В самостийной, нехристианской жизни людям не хватает адреналина. Они смотрят страшные киношки, а некоторые испытывают свою жизнь на прочность, занимаясь рискованными видами спорта. То, что покой вырастает из опыта испытаний, мы чувствуем все, что
Есть упоение в бою,
И бездны мрачной на краю,
И в разъяренном океане,
Средь грозных волн и бурной тьмы,
И в аравийском урагане,
И в дуновении Чумы.
Но когда ты несешь крест, когда исполняешь послушание, ты рискуешь меньше, чем люди, спонтанно и вдруг бросающие жизни вызов. Семейная жизнь — это все же созидание, протаптывание пути спасения, поэтому весь наш экстремальный опыт похож на лекарства для души, выписанные Врачом и полученные по рецепту. Тогда как любитель бесстраховочного скалолазания или русской рулетки занимается самолечением, выбирая порой смертельные дозы.
Когда скорби позади, ты тихонечко радуешься, что способен на такие крутые дела во укрепляющем силы Иисусе. А человек, секулярно переживший стресс, будет говорить «Ай да я!» — понимаете разницу?
Все вышесказанное совсем не значит, что мне не было в скорбях тяжело. Мне как-то напомнили историю с актрисой Екатериной Васильевой, в постриге Василисой. Ее спросили, как она воспитала такого прекрасного сына (реально прекрасного, чоуж), и она ответила «Я его навыла».
Вот тут и подумаешь, что воспитание детей дело довольно тоскливое. Но нет. Ведь это она молилась со слезами, а не унывала.
Слёзная молитва и уныние — очень разные вещи. Чтобы молиться, надо сначала вытащить себя из уныния, особенно если это нервное истощение или другая какая-то соматика. Потому что молитва — это борьба, брань, а уныние — это плен: ты побежден и повержен.
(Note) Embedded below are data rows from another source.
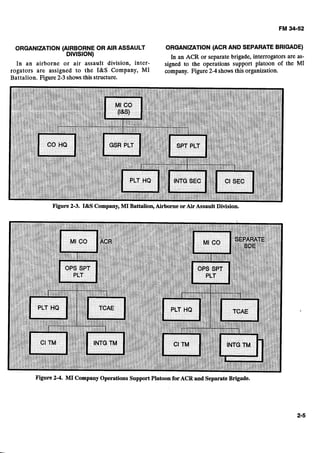 ORGANIZATION (AIRBORNE OR AIR ASSAULT ORGANIZATION (ACR AND SEPARATE BRIGADE)
DIVISION)
In an ACR or separate brigade, interrogators are as-
In an airborne Or air assault division, inter- signed to the operations support platoon of the MI
rogators are assigned to the I&S Company, MI company. Figure 2-4shows this organization.
Battalion. Figure 2-3shows this structure.
Figure 2-3. I&S Company,MI Battalion, AirborneorAirAssault Division.
Figure2-4. MI CompanyOperations SupportPlatoon forACR and SeparateBrigade.
 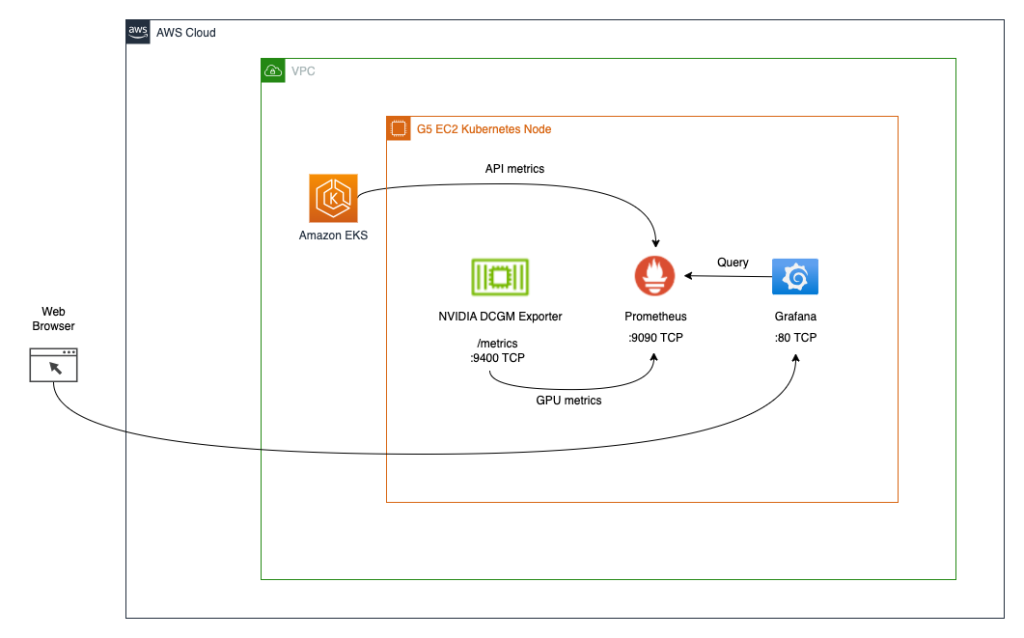 GPU Monitoring Architecture with Grafana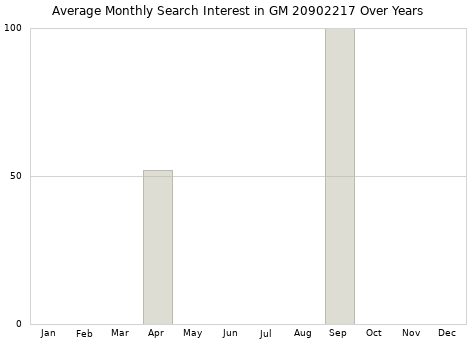 Monthly average search interest in GM 20902217 part over years from 2013 to 2020.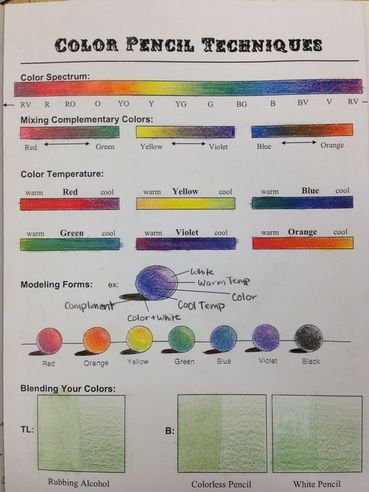 The purpose of this worksheet was to practice blending, shading, and well, coloring with colored pencils. The Elements that this practice sheet involved were color, value, and form. Shading Techniques Color, Colour Pencil Tips, Color Pencil Exercises, Colored Pencil Blending Techniques, Color Practice Art, Blending Colour Pencils, Coloring Practice Sheets, Colored Pencil Blending Worksheet, Color Pencil Practice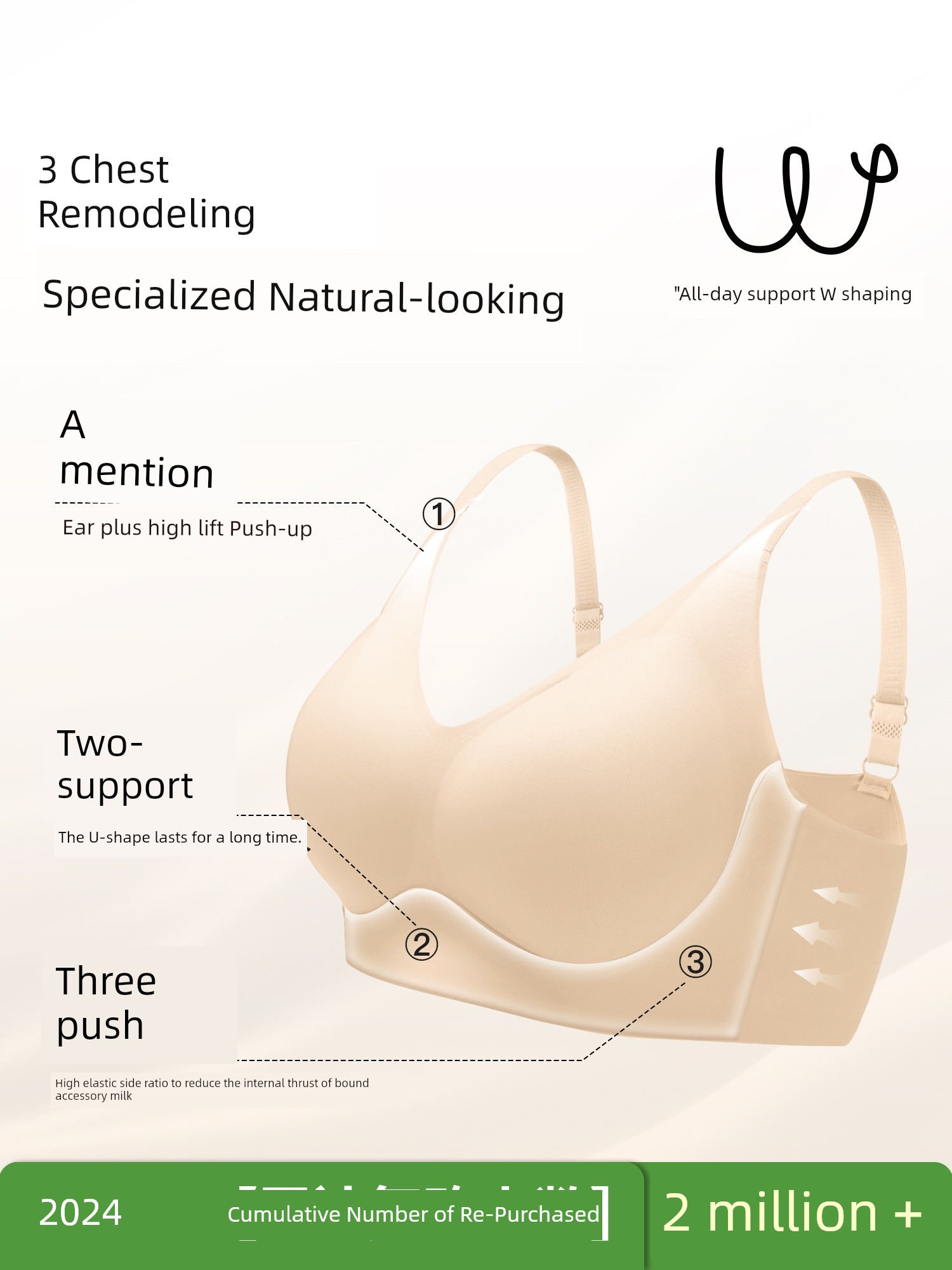 Secretworld Underwear Women's Chest Big and Small Comfortable Wireless Soft Support Lifting Breast Anti-sagging Bra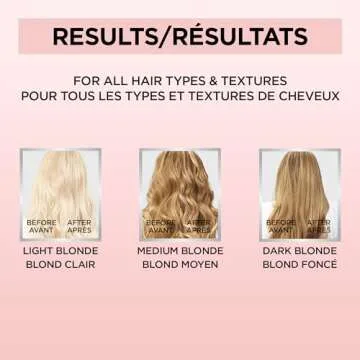 L’Oréal Paris Le Color One Step Hair Toning Gloss, Cool Blonde, 4 Ounce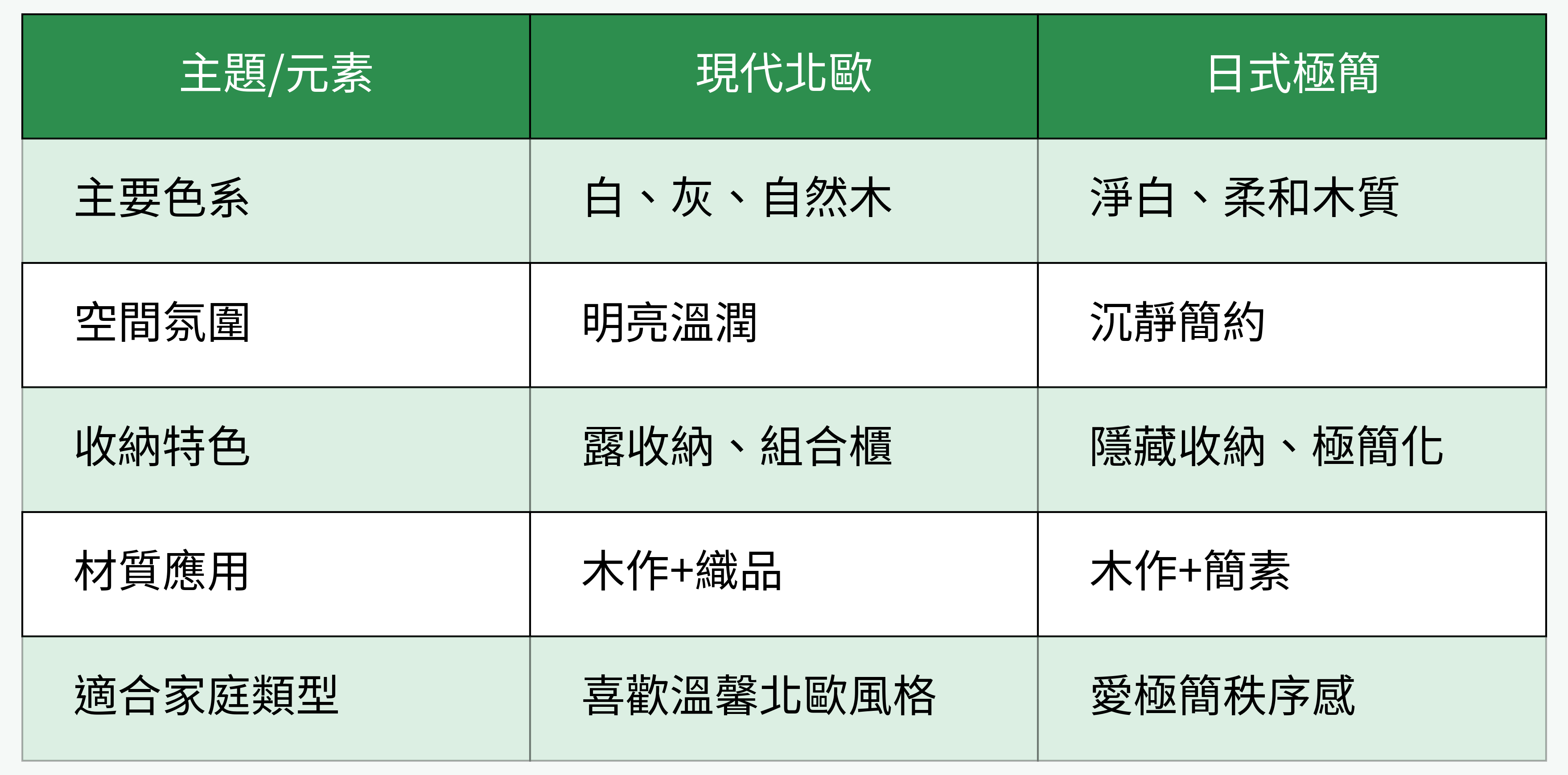 現代北歐VS日式極簡對比表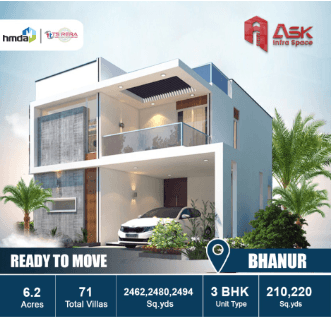 House for Sale in Bhanur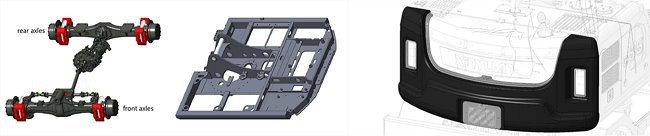 Different Excavator Sizes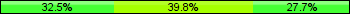 Home team third: 32.53%, Midfield: 39.76%, Away team third: 27.71%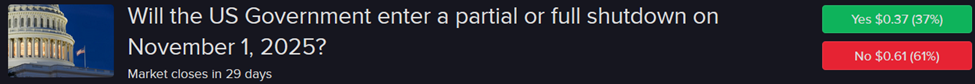 IBKR ForecastTrader Contract asking if US government will shutdown on Nov. 1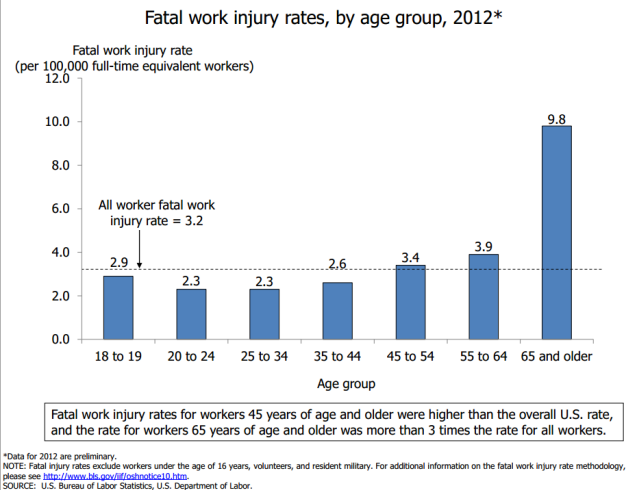 Fatal%20work%20injuries%202012%20by%20age.png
Для меня всякое выползание из тоски зеленой начиналось с храма — благо он рядом. Приходила я туда с красным, отплаканным носом, заваливалась на лавочку, помыслы в голову лезли: «И что? И что ты изменила, даже молиться не можешь!»
Но, как я потом поняла, если ты в унынии и депрессии добредешь до храма, а не продолжишь тосковать или выпивать, или биться головой об стену — кто там что делает, этот твой заход из последних сил буквально вменяется тебе в паломничество по святым местам. И если не сразу легче сделается, то потом удивительные вещи произойдут. Например, придешь домой, всех подбодришь и щей наваришь, вместо лежания носом в стену, как это было запланировано. Или откопаешь телефон психолога, съездишь к нему и получишь вкусненькие таблеточки, одним словом — справишься.
Опыт скорбей при крестоношении дает это умение — находить точки во вселенной, откуда все происходящее воспринимается библейски, ты перестаешь быть жертвой, ты становишься соработником Богу и, конечно, не в деталях, а в целом понимаешь, что происходящему надлежит быть, и что происходящее — единственный возможный путь к радости и победе.
В целом мысль моя такая: нельзя уходить с креста, нельзя сбегать в поле нелегального поиска лекарств для души. Это больнее и опаснее. Останься на кресте — и у тебя, при всей сложности и болезненности происходящего, вопросы как бы отпадут.
Федор Михайлович Достоевский погружался в омут этих проклятых вопросов именно в темные моменты своей жизни, например, когда проигрывал последнее, включая украшения жены, в карты. Это было ему такое попущение, чтоб он потом потряс мир своими произведениями, конечно. Он же всегда возвращался — к семье, нёс бремя гения и болезни свои. Лечился очень смиренно.